Microsoft is throwing more transactional database systems into its Fabric analytics and data lake environment in expectation the proximity will help users that are adding AI to their systems.
During its Build conference this week, the Redmond software and cloud biz said it was adding transactional document database Cosmos DB and its relational workhorse SQL Server to Fabric, the analytics and data lake platform first announced in June 2023.
Adding Cosmos DB’s global secondary index to Fabric, for example, would remove the need to scan all the operational data in an Azure Cosmos DB database, Microsoft said. This is intended to enable faster queries and minimize latency while also helping to make sure that queries do not negatively impact transactional performance, the vendor argued.
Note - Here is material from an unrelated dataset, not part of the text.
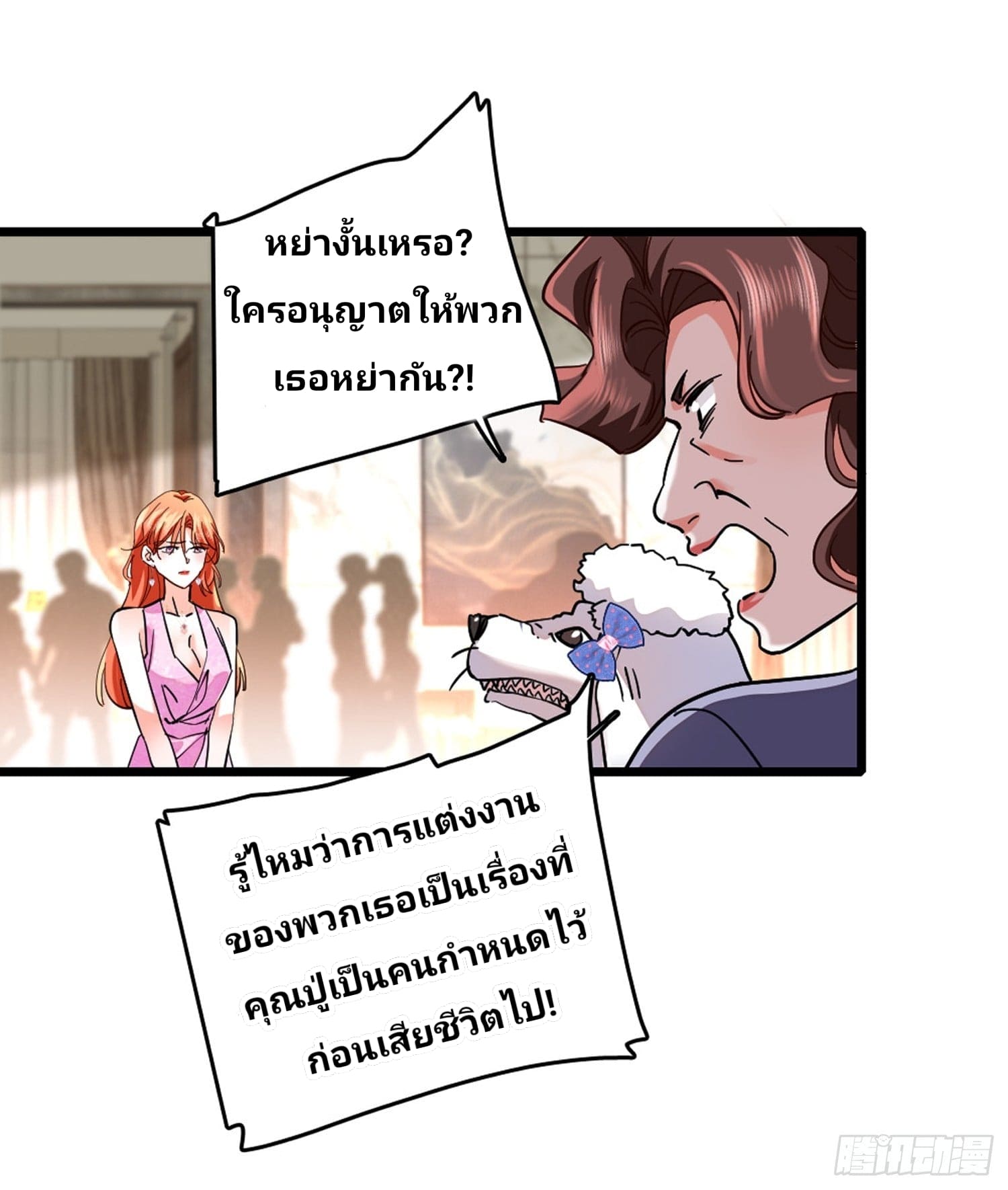 Rise of the Forsaken Son-in-Law—ลูกเขยผู้ไร้ค่า แท้จริงแล้วคือมหาเศรษฐี ตอนที่ 2 หน้า 15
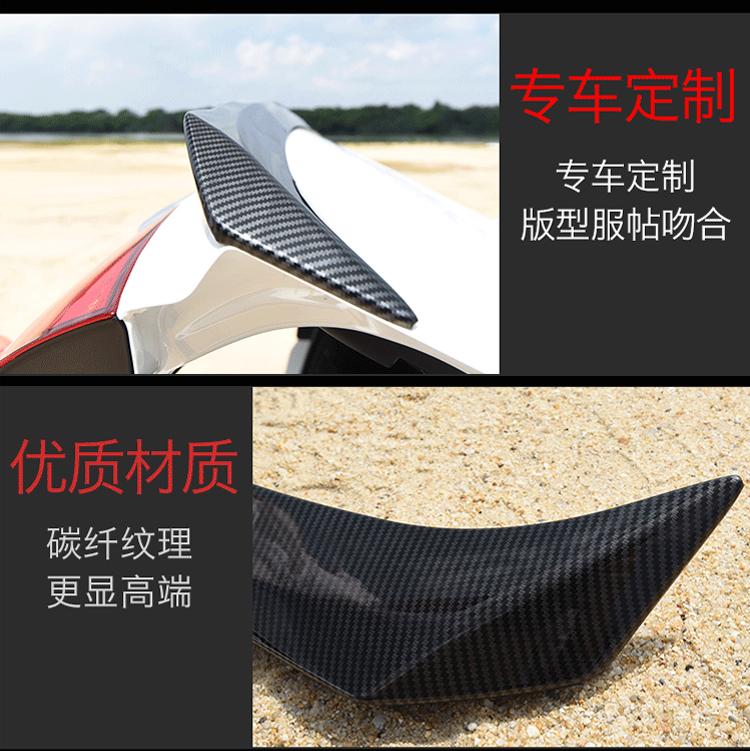 Emgrand GL sửa đổi Emgrand gl tail 17 18 đặc biệt áp lực thể thao đuôi carbon mô hình sợi miễn phí đấm trước bao quanh - Sopida trên duoi gio xe oto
Arun Ulag, corporate vice president for Azure data, told The Register the idea is to let customers bring AI and analytics workloads closer to their transactional data as the two would share the same underlying file format, Apache Parquet, in the data lake environment, which Microsoft calls OneLake and uses the open source Delta Lake format.
“Cosmos DB is a great place to store your entire product catalog, for example, and with customers browsing around your website, you want to make recommendations. Anything built on Fabric, by default, all of the data, whether it’s SQL Server or Cosmos DB or a data warehouse or data lake, is sitting on OneLake,” he said.
“Everything is in the open source, Apache Parquet, Delta Lake format, which means if you’re building a machine learning model, the data is just there and always current. You don’t need to build copies. You don’t need to shuttle data around. You can build your machine learning models directly on top of OneLake.”
Aaron Rosenbaum, Gartner senior director, data management and analytics, said the move was part of a continuing trend of making integration simple and automated between different parts of the data management infrastructure.